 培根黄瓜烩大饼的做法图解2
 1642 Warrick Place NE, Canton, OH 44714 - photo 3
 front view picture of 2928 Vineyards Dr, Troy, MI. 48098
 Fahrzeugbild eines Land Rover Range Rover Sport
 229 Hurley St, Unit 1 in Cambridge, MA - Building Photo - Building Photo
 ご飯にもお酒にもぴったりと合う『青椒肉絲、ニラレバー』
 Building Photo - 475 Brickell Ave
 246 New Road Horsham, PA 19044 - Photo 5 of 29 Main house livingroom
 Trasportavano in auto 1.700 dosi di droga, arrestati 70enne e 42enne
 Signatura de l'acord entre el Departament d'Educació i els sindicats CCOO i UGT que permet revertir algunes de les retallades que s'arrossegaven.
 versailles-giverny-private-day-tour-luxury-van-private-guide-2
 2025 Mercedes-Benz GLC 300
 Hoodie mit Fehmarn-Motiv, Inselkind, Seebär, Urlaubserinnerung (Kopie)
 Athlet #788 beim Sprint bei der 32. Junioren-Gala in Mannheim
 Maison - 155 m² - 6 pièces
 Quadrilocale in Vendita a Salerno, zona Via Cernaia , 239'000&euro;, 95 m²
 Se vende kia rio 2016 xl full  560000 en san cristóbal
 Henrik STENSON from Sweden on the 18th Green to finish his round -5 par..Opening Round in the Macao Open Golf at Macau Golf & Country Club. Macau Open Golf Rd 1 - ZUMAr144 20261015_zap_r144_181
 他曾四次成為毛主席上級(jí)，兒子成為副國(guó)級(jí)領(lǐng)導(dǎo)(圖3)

◇ ◇ ◇ ◇ ◇

_EXERCISE PROMPT:_
Count the lines of the material that include the word "Building", then state only the total.

_SOLUTION TO THE PROBLEM:_
2